2972. Robert Southey to William Peachy, 9 April 1817*
Keswick. 9 April. 1817
My dear Sir
So many interruptions & harrassing affairs have occurred to me of late, one after the other, that I have unavoidably delayed writing to you, till I almost fear a direction even to Rugby will may fail to find you there. [1]
You will have seen my name pretty frequently in the newspapers, & may perhaps like to know the real circumstances of the business. I wrote Wat Tyler in the summer of 1794 before I was twenty years of age; – it was the xxxx composition of two or three mornings, – thrown off at a heat & without the slightest correction or revision. Lovell took it to London in the autumn & put it into Ridgeways hands, that he might consider whether he would publish it. It was left in his hands, & in the December of the same year I went to town myself for three days, & called on Ridgeway who was then in Newgate. [2] He & Symonds (also a prisoner) sa told me they would print it, & if any profit accrued I was to have such a proportion as they should think fit equitable. There the matter ended. I returned to Bristol, no proof sheet ever came to me, I concluded that upon farther reflection they thought the thing unfit for publication, & my own after thought coincided so entirely in this judgement, that I made no application to know why the printing was delayed, nor ever enquired for the manuscript, thinking in fact no more of it than of a college or school exercise.

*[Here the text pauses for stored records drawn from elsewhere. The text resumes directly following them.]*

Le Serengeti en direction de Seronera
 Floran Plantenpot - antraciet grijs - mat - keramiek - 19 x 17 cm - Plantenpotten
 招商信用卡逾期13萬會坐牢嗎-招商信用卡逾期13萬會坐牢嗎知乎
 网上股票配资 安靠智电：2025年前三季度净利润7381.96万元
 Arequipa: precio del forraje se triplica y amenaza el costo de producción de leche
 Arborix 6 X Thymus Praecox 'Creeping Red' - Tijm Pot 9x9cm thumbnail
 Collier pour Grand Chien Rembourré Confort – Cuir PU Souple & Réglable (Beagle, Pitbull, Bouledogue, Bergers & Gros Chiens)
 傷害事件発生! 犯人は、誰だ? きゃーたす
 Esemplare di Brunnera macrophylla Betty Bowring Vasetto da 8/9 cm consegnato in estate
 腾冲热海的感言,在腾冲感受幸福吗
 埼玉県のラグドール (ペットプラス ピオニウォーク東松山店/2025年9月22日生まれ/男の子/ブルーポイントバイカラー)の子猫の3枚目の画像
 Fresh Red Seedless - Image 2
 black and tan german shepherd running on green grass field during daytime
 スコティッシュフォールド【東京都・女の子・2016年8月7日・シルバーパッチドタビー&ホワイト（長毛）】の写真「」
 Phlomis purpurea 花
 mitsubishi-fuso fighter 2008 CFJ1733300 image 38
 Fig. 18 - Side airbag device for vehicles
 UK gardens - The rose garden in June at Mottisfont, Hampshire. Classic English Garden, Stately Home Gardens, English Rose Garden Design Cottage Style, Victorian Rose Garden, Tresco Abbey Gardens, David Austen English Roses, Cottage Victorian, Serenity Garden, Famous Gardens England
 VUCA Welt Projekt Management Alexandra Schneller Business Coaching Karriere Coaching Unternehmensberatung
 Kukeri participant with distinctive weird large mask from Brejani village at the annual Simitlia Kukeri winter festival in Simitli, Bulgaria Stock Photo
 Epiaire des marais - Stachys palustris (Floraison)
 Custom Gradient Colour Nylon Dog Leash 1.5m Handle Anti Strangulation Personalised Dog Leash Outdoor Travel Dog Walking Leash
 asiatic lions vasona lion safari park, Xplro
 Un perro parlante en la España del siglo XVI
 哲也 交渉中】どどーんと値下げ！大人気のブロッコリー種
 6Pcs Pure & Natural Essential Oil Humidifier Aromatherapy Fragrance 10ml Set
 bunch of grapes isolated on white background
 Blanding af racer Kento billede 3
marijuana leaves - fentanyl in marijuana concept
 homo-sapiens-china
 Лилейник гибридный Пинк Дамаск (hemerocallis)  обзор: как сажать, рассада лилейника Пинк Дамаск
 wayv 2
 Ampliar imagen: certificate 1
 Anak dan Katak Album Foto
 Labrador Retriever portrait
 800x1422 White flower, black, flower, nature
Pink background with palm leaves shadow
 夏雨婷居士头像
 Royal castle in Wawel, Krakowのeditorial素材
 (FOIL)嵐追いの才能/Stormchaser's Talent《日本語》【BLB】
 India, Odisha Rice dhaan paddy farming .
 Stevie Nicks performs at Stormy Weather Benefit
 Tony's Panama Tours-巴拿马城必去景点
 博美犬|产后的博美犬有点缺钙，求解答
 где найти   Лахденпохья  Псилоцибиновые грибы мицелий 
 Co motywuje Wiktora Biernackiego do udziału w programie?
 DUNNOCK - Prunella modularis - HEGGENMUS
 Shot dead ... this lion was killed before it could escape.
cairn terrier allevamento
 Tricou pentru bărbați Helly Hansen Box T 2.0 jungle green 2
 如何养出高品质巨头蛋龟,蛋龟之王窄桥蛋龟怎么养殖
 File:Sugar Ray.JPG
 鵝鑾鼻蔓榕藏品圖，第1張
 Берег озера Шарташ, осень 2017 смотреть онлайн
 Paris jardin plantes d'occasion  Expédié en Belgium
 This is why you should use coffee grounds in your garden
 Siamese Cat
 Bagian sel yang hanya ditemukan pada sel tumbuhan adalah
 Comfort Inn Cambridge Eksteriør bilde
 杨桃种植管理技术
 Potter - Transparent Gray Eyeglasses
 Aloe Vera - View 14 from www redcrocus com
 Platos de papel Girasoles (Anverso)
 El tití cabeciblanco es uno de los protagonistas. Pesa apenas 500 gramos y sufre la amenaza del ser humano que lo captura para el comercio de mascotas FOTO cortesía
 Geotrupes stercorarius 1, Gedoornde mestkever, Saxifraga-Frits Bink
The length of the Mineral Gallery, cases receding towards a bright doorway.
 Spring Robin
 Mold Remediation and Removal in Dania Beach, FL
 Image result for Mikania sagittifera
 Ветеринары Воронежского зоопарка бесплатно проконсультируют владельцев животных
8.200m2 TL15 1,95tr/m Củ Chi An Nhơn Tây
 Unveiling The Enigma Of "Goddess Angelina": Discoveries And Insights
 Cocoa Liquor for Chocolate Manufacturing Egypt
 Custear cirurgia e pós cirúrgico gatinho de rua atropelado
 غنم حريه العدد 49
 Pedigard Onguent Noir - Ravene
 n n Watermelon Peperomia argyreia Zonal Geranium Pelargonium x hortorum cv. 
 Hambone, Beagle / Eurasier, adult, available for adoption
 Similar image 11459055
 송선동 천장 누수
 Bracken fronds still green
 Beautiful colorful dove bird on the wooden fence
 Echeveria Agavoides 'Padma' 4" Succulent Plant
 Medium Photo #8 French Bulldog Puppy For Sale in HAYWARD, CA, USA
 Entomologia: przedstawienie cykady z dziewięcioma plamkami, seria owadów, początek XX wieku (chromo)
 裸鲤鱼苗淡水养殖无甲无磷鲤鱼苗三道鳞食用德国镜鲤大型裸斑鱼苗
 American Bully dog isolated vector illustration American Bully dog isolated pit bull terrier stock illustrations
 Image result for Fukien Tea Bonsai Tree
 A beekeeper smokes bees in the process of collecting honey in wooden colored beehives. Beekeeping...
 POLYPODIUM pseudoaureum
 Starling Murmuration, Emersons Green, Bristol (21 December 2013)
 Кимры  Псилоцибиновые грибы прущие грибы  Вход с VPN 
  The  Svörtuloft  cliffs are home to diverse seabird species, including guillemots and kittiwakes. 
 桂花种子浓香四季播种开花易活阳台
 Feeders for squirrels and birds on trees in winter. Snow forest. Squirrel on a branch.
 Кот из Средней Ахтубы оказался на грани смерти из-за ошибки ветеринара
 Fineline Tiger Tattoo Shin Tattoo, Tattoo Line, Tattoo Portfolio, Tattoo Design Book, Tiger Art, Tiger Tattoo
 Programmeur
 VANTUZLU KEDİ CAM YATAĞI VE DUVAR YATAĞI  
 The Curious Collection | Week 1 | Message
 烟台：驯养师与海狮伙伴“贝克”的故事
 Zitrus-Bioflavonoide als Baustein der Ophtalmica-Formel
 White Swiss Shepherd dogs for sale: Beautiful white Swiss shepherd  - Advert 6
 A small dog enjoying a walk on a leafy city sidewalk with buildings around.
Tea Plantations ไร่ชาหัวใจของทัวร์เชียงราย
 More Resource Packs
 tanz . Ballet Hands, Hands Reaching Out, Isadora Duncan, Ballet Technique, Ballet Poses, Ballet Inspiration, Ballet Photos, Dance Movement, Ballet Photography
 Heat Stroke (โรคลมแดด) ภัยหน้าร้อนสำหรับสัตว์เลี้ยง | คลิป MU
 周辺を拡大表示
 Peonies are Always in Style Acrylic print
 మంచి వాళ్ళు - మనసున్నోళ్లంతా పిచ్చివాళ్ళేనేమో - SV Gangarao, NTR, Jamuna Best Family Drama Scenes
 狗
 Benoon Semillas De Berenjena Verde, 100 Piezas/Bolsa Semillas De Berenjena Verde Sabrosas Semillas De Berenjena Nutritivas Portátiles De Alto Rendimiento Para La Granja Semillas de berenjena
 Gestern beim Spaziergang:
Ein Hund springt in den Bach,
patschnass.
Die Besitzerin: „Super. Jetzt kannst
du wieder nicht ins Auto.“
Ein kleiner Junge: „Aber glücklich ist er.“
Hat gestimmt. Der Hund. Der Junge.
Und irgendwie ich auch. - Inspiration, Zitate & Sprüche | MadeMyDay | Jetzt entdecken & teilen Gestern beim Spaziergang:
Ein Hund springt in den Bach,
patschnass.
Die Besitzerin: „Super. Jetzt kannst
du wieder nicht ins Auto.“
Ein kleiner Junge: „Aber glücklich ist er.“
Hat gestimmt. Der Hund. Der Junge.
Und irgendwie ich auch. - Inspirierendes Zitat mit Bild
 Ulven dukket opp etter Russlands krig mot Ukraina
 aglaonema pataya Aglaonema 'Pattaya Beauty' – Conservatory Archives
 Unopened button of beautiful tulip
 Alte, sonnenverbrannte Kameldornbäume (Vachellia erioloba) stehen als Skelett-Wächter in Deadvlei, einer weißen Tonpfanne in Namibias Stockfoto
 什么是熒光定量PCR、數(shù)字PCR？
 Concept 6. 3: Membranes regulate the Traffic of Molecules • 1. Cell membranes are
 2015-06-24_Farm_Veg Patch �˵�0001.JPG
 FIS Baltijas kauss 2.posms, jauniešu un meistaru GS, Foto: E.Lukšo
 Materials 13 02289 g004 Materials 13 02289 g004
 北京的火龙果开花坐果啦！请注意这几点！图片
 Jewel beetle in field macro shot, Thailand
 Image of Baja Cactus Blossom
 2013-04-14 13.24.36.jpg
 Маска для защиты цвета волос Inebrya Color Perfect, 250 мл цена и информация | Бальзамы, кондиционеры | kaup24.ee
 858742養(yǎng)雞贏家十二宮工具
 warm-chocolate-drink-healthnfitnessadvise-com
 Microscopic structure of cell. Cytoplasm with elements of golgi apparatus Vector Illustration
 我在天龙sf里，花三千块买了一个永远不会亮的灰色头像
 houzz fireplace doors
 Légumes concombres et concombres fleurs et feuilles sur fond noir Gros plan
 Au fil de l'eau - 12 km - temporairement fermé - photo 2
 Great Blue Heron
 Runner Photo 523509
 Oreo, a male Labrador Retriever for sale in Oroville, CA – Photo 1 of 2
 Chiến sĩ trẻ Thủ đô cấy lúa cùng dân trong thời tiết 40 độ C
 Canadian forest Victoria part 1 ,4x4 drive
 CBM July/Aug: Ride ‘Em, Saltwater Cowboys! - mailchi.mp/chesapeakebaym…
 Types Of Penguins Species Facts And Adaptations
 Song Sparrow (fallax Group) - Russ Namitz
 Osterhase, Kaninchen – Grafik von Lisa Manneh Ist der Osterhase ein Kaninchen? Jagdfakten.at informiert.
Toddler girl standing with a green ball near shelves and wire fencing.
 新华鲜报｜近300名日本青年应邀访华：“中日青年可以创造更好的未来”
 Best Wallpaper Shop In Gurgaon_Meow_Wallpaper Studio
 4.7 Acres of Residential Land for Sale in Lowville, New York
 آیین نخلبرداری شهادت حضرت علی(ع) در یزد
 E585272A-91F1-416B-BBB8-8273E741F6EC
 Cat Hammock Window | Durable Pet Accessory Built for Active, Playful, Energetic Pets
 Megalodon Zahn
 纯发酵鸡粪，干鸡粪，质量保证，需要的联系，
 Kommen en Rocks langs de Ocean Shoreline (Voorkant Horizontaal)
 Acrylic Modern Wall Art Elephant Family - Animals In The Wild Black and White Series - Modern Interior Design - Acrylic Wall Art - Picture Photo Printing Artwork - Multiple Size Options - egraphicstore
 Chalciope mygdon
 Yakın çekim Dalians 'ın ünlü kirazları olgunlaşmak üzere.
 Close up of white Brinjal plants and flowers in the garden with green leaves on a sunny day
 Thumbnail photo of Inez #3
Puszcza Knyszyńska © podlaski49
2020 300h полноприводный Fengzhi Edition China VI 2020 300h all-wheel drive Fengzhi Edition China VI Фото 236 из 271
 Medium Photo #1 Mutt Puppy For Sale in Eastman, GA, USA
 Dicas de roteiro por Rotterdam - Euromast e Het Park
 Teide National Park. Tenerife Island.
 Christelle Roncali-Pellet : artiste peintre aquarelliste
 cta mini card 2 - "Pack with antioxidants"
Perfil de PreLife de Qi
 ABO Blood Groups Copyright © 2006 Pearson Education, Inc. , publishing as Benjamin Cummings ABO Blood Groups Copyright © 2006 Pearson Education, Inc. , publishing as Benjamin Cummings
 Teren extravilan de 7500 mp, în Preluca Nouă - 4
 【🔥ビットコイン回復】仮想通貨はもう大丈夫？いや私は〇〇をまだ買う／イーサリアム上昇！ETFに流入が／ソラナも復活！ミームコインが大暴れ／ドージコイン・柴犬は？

By whom this thing after an interval of three & twenty years has been published I know not. Upon seeing it announced I immediately gave instructions to apply for an injunction in Chancery, – the case being as plain as day light, that the property was mine, & that a man might just as well take from me any of the papers in my writing desk, as print that without my consent, & in defiance of me. A counter-affidavit was procured from a Dissenting Minister by name Winterbottom, which does not contain a single word of truth. [3] I saw this man once in my life, which was in Ridgeways apartment upon the occasion already mentioned, & I never saw him at any other time, nor was ever at any other time within the walls of Newgate, – he swears that I visited him frequently there, that he believes it to have been in the year 1796 (for the purpose of making it appear that I was of age at the time) – & that I gave him the Manuscript to do with it whatever he pleased, – & he swears to persons being present whom I never saw in the whole course of my life. [4] He says that the copy which has been printed must have been surreptitiously taken from that in his possession, – but he came forward with his claim in opposition to mine. The Chancellor therefore finding the right of property contested, referred it to a Court of Law, [5] – & of course I did not chuse to incur farther expences in establishing a claim which was opposed by direct perjury. – Moreover my object was that of avowing the work, & disclaiming its opinions & this I had done.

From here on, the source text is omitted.